Behold, mere mortals. Below is the finest fantasy football team ever assembled. We have reached decades back into the fantasy football past to build this pantheon and pulled out the finest single-season performances. A few of our guiding principles for this exercise include:

  • We limited the scope to when fantasy football was mainstream from the late 1980s through today. Apologies to the three dozen people playing fantasy football in 1965 who witnessed Gale Sayers’s 56-point explosion in Week 13.
  • Most fantasy leagues ignore Week 17, and this ranking will too. All references to season-long fantasy points refer to Week 1 through Week 16.
  • The fantasy pantheon requires a strong performance in the fantasy playoffs. If you ain’t first, you’re last. 
  • Unless specified, all point totals refer to standard fantasy scoring. Point per reception scoring has become the default on major platforms within the last few years, but for the vast majority of fantasy football history it was an eccentricity. 

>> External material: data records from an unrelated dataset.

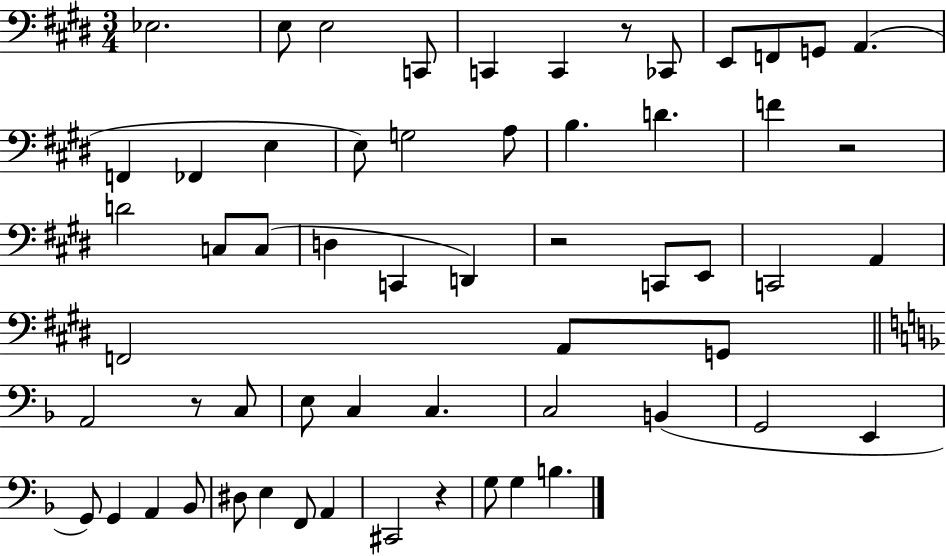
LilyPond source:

{
  \clef bass
  \numericTimeSignature
  \time 3/4
  \key e \major
  \repeat volta 2 { ees2. | e8 e2 c,8 | c,4 c,4 r8 ces,8 | e,8 f,8 g,8 a,4.( | \break f,4 fes,4 e4 | e8) g2 a8 | b4. d'4. | f'4 r2 | \break d'2 c8 c8( | d4 c,4 d,4) | r2 c,8 e,8 | c,2 a,4 | \break f,2 a,8 g,8 | \bar "||" \break \key f \major a,2 r8 c8 | e8 c4 c4. | c2 b,4( | g,2 e,4 | \break g,8) g,4 a,4 bes,8 | dis8 e4 f,8 a,4 | cis,2 r4 | g8 g4 b4. | \break } \bar "|."
}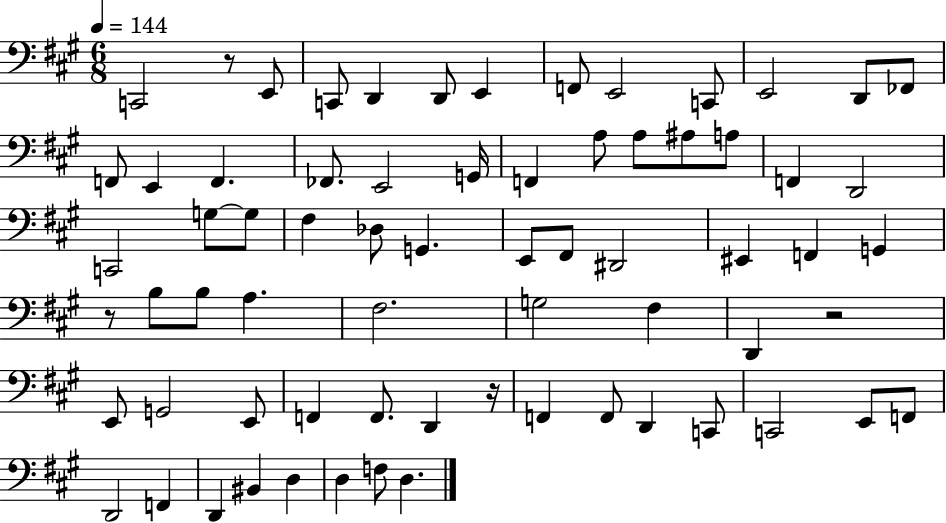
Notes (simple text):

C2/h R/e E2/e C2/e D2/q D2/e E2/q F2/e E2/h C2/e E2/h D2/e FES2/e F2/e E2/q F2/q. FES2/e. E2/h G2/s F2/q A3/e A3/e A#3/e A3/e F2/q D2/h C2/h G3/e G3/e F#3/q Db3/e G2/q. E2/e F#2/e D#2/h EIS2/q F2/q G2/q R/e B3/e B3/e A3/q. F#3/h. G3/h F#3/q D2/q R/h E2/e G2/h E2/e F2/q F2/e. D2/q R/s F2/q F2/e D2/q C2/e C2/h E2/e F2/e D2/h F2/q D2/q BIS2/q D3/q D3/q F3/e D3/q.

Without further ado, here is the greatest fantasy football team of all time. 

QB: Patrick Mahomes, 2018

Mahomes came this close to the first 400-point season by a quarterback, but settled for merely the highest-scoring fantasy season ever by a passer with 399.7. There is an argument here for a few other players, including Peyton Manning in 2013, Aaron Rodgers in 2011, and Tom Brady in 2007. Each of those put a wider gap between themselves and a replacement-level QB than Mahomes did in 2018. But drafting Rodgers in 2011 required a top-20 pick according to Fantasy Football Calculator, while Brady and Manning were both being drafted in the top 40 overall in 2007 and 2013, respectively. Meanwhile, Mahomes was going well outside the top 100 in 2018 and then submitted the highest-scoring QB season ever, providing far more value on draft day. That’s why more than one out of three fantasy football players who owned Mahomes last year won their league on ESPN.com

Getty Images/Ringer illustration

The Ringer’s 2019 Fantasy Football Rankings

Our fantasy experts have ranked and analyzed the top 150 players in 2019. Print out our handy cheat sheet, and may it bring you success and glory in your fantasy league.

The Top 150 Players for PPR Leagues
The Top 150 Players for Standard Leagues

RB: LaDainian Tomlinson, 2006

Tomlinson’s 2006 is the diamond standard for fantasy football. He scored an unholy 417 fantasy points (27.8 per game in the 15 he played), by far the best of all time thanks to a record 33 touchdowns (28 rushing, three receiving, and two passing). He outscored the rest of the field by so much that you could remove his league-leading 1,815 rushing yards and his 508 receiving yards and Tomlinson would still be the 10th-highest scoring running back of 2006. “GOAT” is a diluted term, but Tomlinson’s season qualifies.

RB: Priest Holmes, 2003

This was not even the most fantasy points Holmes scored in the first 16 weeks of a season. In 2002, Holmes led the league in yards from scrimmage and rushing touchdowns while submitting the second-most fantasy points for Weeks 1 through 16 of all time for a non-QB in just 14 games (he also helped inspire the creation of Football Outsiders’ DVOA statistic). The problem was the game Holmes missed. He sat out with a hip injury in Week 16, when most fantasy championships take place, sending his owners scrambling. Any Holmes owners who turned to his backup Mike Cloud were rewarded with 16 carries for 19 yards. So we’ll slot in Holmes’s 2003 when he had 2,110 yards from scrimmage and a then-record 27 rushing touchdowns and the third-most fantasy points by a running back. This time in Week 16, he scored three touchdowns.

WR: Jerry Rice, 1987

This is where the interseasonal fantasy play gets complicated. The strike-shortened 1987 season featured just 12 games with non-replacement players. But in those 12 games, Rice scored a mind-boggling 22 touchdowns.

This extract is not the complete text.